Source records —
··········
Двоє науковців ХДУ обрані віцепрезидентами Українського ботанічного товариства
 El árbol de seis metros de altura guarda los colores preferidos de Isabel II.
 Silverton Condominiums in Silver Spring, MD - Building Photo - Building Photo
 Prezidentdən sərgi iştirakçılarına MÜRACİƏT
··········
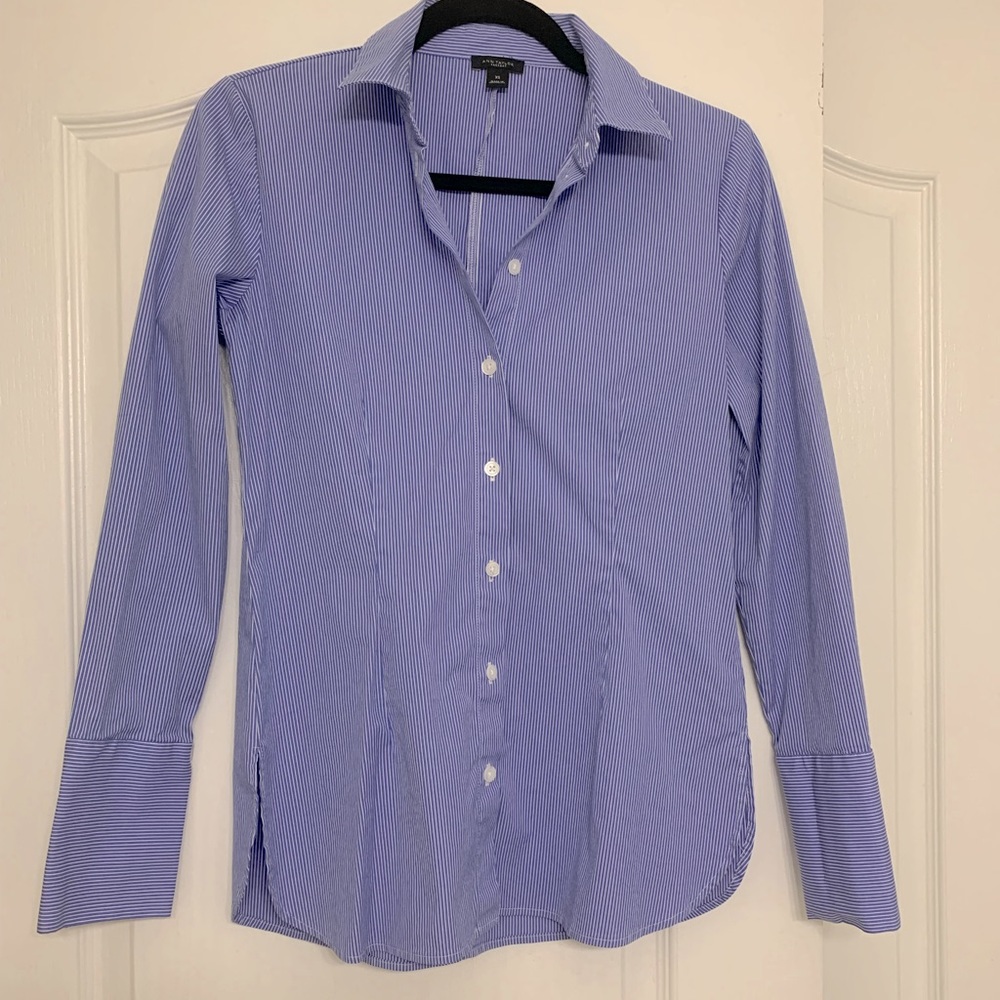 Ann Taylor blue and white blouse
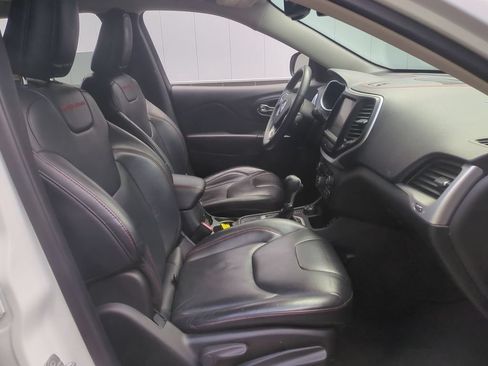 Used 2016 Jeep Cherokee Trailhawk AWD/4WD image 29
··········
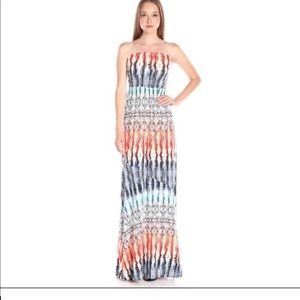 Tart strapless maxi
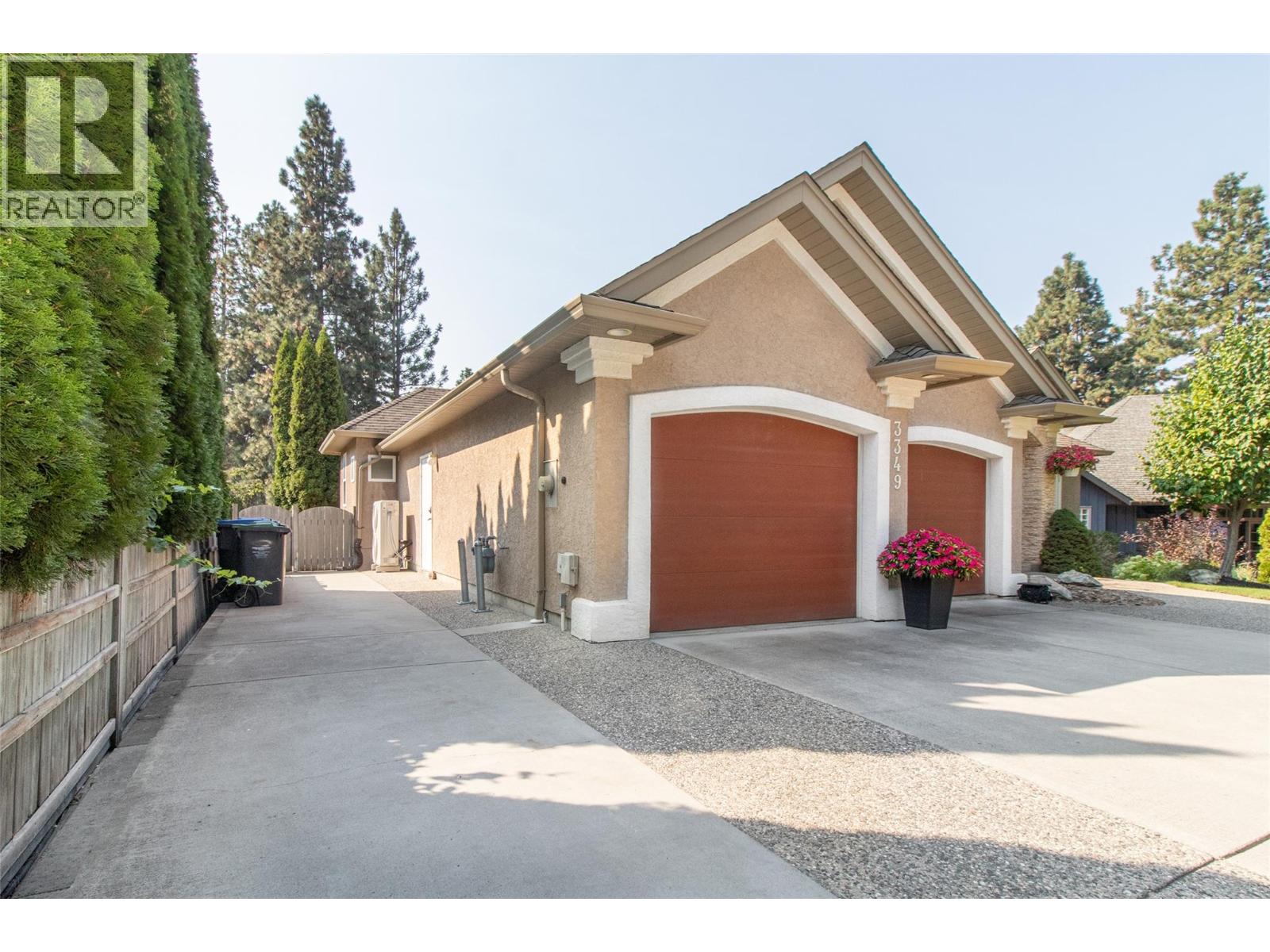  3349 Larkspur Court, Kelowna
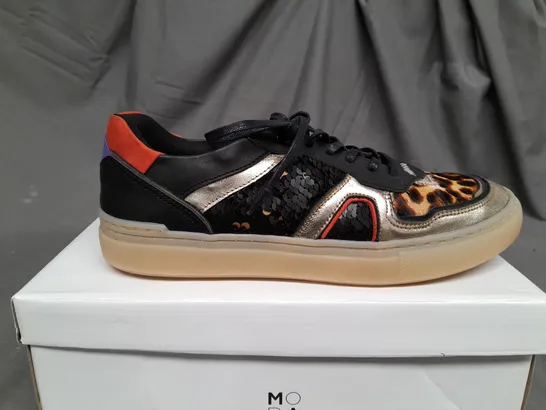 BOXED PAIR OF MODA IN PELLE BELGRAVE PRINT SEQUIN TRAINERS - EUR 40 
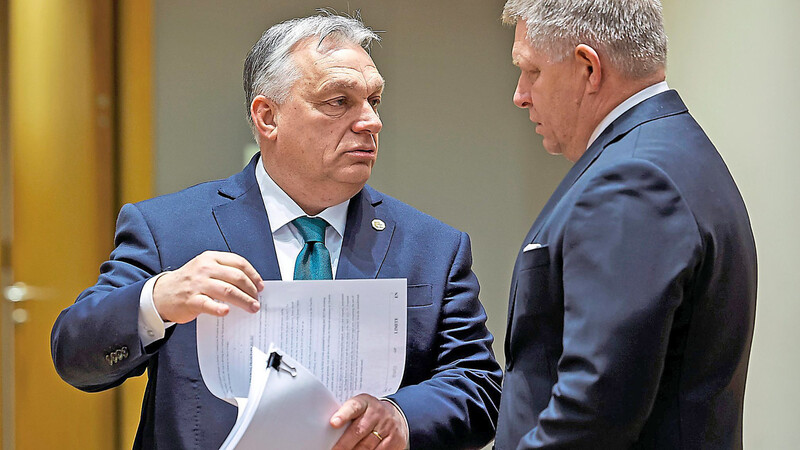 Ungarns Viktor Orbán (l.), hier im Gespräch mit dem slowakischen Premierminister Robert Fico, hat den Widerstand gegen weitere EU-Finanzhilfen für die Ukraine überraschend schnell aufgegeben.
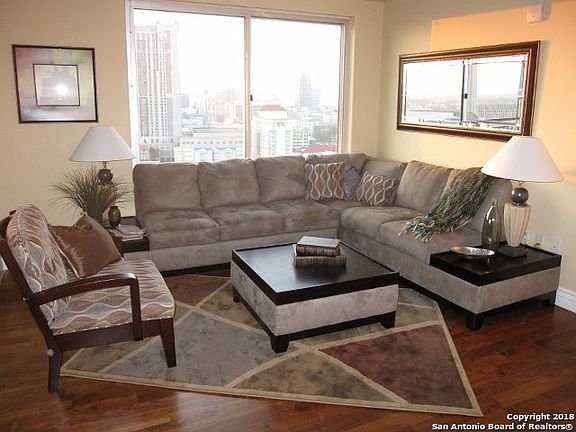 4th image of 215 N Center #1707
··········
Task goal — Go back to the listing above. Copy word for word the lines from the one with "Двоє науковців ХДУ" through the one with "Prezidentdən s", and nothing more.

Solution —
Двоє науковців ХДУ обрані віцепрезидентами Українського ботанічного товариства
 El árbol de seis metros de altura guarda los colores preferidos de Isabel II.
 Silverton Condominiums in Silver Spring, MD - Building Photo - Building Photo
 Prezidentdən sərgi iştirakçılarına MÜRACİƏT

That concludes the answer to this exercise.